▸ **WORK INSTRUCTIONS**
In the material below, find the line containing "Kruunun pääpanta, 1800-luvun" and the line containing "Ivory Gold Buti Suit — photo 13", then reproduce exactly both of them and every line between, and nothing else.

═══ PROVIDED MATERIAL

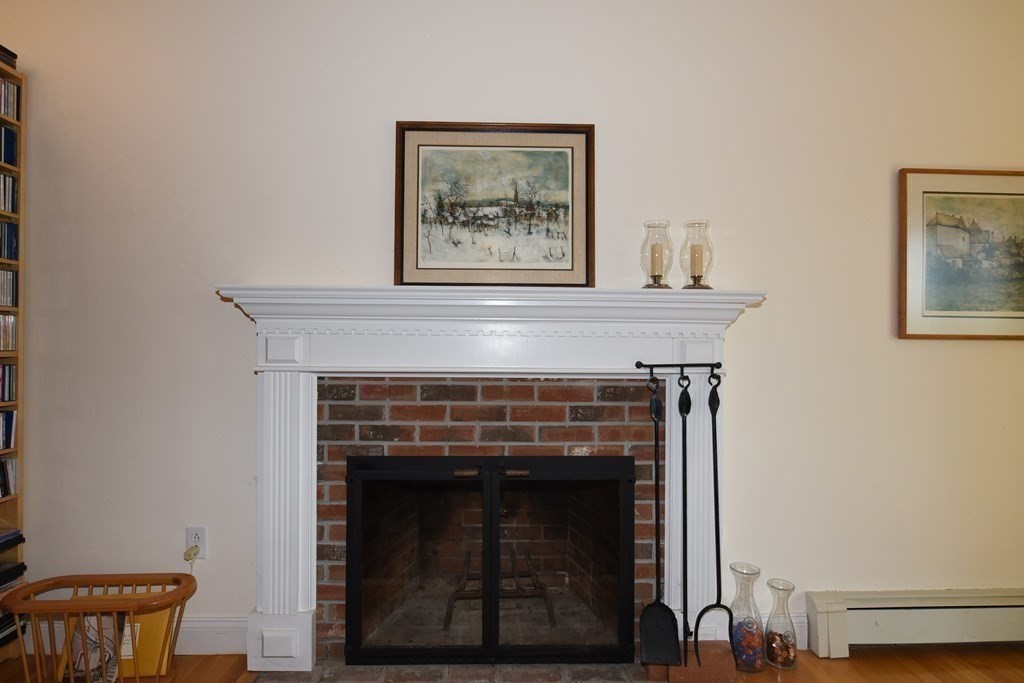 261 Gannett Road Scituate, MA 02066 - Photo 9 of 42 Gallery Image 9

══════
═══ PROVIDED MATERIAL

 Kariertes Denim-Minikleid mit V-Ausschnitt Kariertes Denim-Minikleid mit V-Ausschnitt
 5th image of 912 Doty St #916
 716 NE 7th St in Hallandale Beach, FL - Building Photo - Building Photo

══════
═══ PROVIDED MATERIAL

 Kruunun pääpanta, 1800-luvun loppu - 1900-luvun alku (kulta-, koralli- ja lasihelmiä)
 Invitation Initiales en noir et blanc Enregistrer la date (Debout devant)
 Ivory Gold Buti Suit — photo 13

══════

▸ **SOLUTION TO THE PROBLEM**
 Kruunun pääpanta, 1800-luvun loppu - 1900-luvun alku (kulta-, koralli- ja lasihelmiä)
 Invitation Initiales en noir et blanc Enregistrer la date (Debout devant)
 Ivory Gold Buti Suit — photo 13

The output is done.